**Exercise details**
In full and word for word, copy the listing; no pictures belong in the copy.

**Provided material**

■ ■ ■ ■ ■ ■ ■

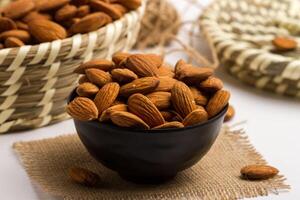 Almonds served in a bowl isolated on napkin side view of nuts on grey background photo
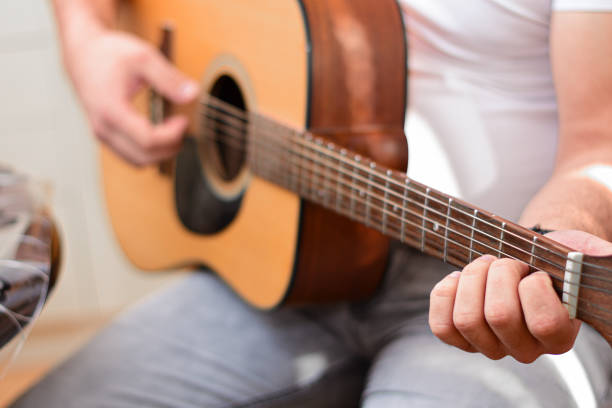 istock Mid age man taking an online course for guitar 1369191723
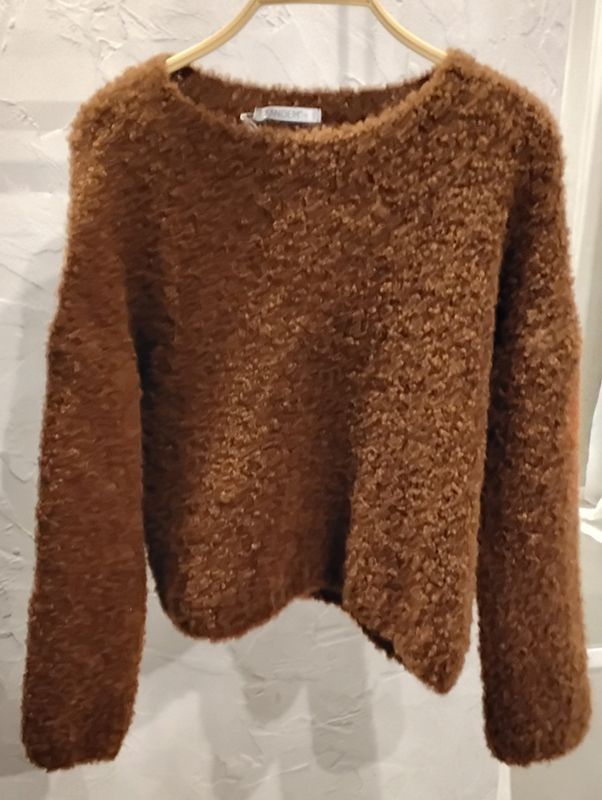 Brauner, flauschiger Rundhalspullover auf einem Kleiderbügel.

■ ■ ■ ■ ■ ■ ■

**Task output**
 Almonds served in a bowl isolated on napkin side view of nuts on grey background photo
 istock Mid age man taking an online course for guitar 1369191723
 Brauner, flauschiger Rundhalspullover auf einem Kleiderbügel.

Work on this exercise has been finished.